▶ [DESCRIPTION OF THE TASK]
Write out the listing below in its entirety, minus the pictures, without changing a word.
::::::::
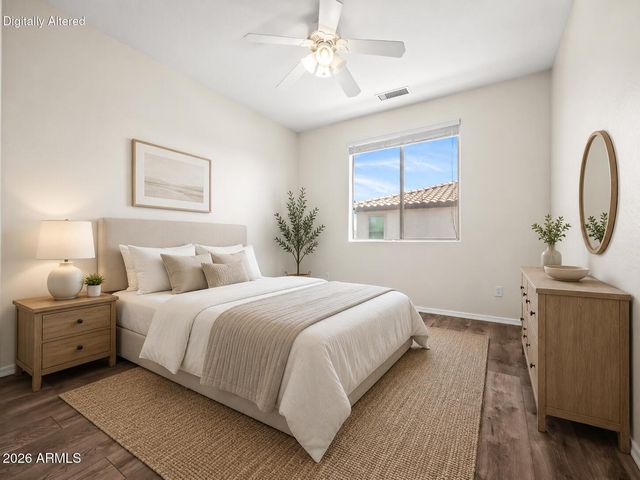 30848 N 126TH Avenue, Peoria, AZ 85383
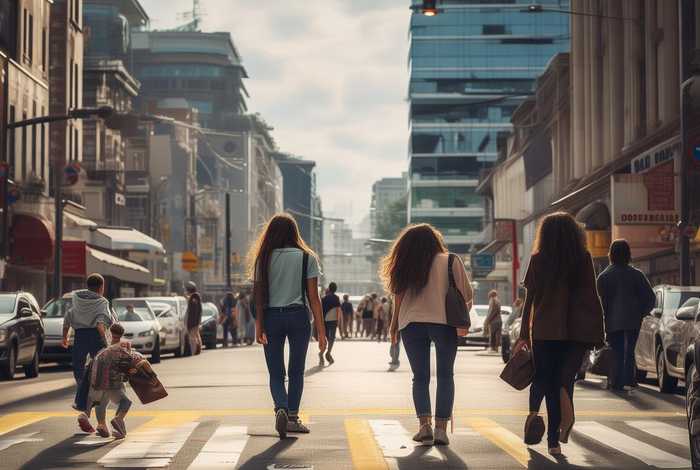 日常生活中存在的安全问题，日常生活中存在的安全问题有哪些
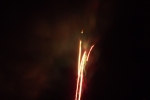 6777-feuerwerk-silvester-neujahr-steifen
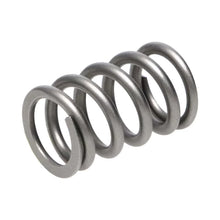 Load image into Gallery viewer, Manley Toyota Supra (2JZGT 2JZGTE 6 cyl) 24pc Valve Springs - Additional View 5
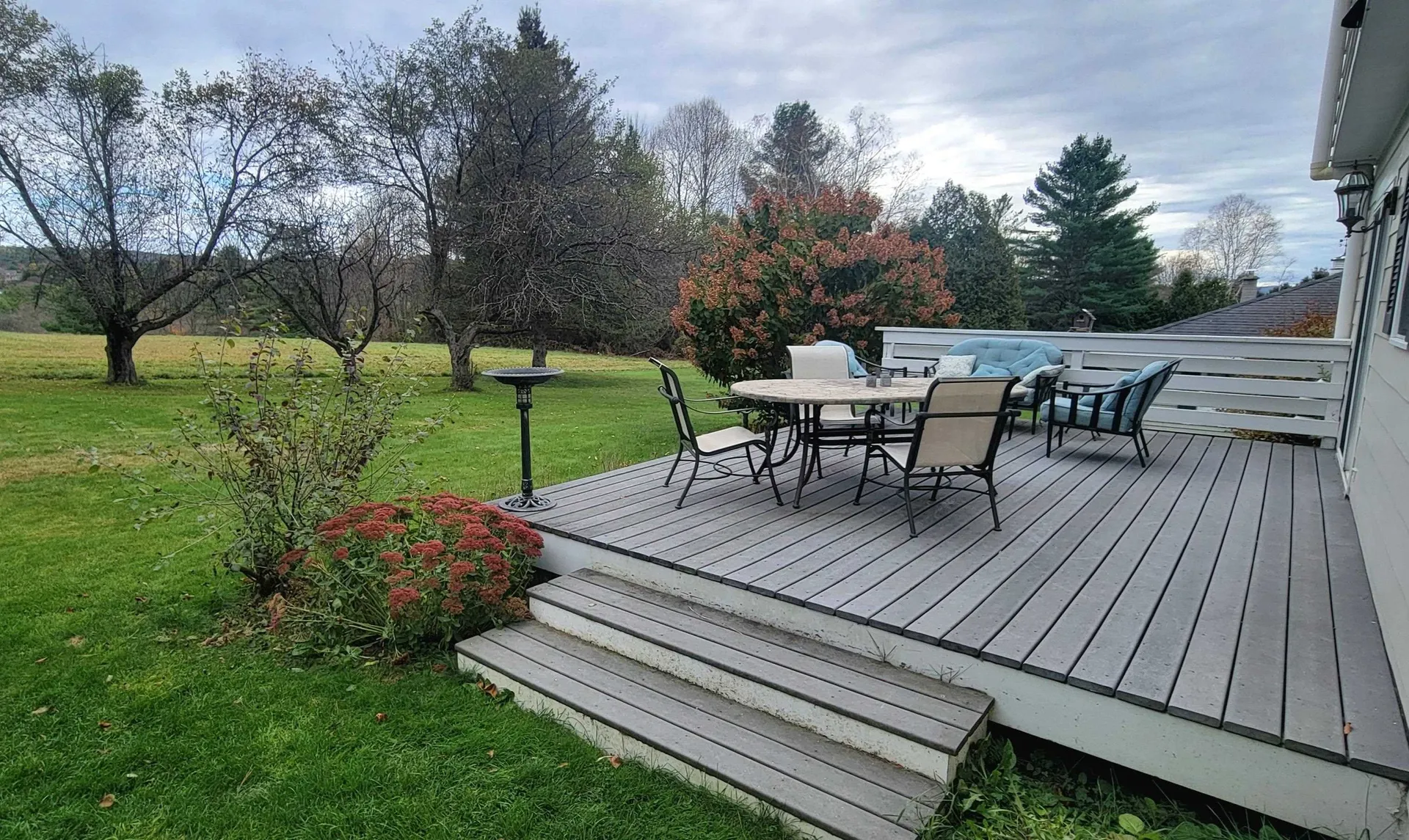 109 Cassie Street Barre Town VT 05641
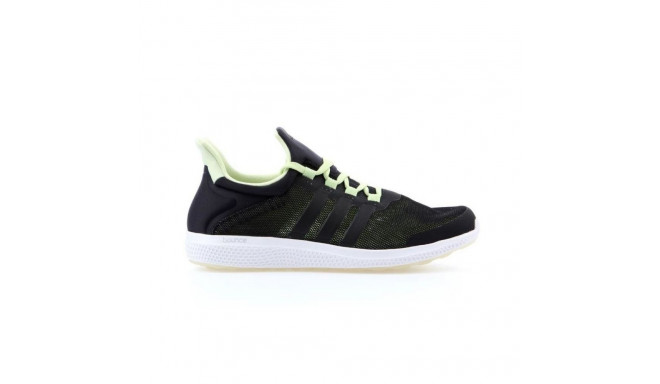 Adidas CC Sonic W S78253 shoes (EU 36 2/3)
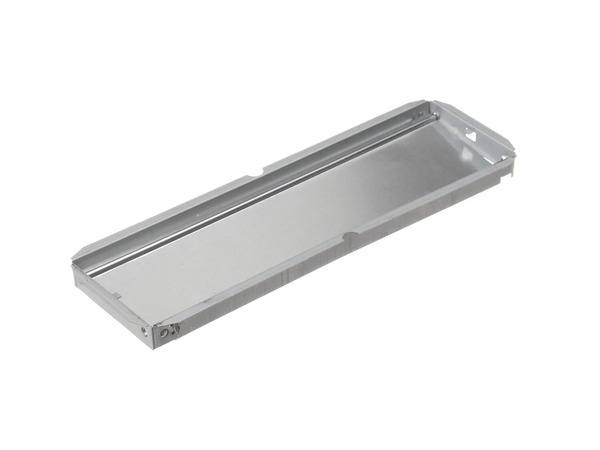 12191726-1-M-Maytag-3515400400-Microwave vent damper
::::::::
▶ [SOLVED PROBLEM]
 30848 N 126TH Avenue, Peoria, AZ 85383
 日常生活中存在的安全问题，日常生活中存在的安全问题有哪些
 6777-feuerwerk-silvester-neujahr-steifen
 Load image into Gallery viewer, Manley Toyota Supra (2JZGT 2JZGTE 6 cyl) 24pc Valve Springs - Additional View 5
 109 Cassie Street Barre Town VT 05641
 Adidas CC Sonic W S78253 shoes (EU 36 2/3)
 12191726-1-M-Maytag-3515400400-Microwave vent damper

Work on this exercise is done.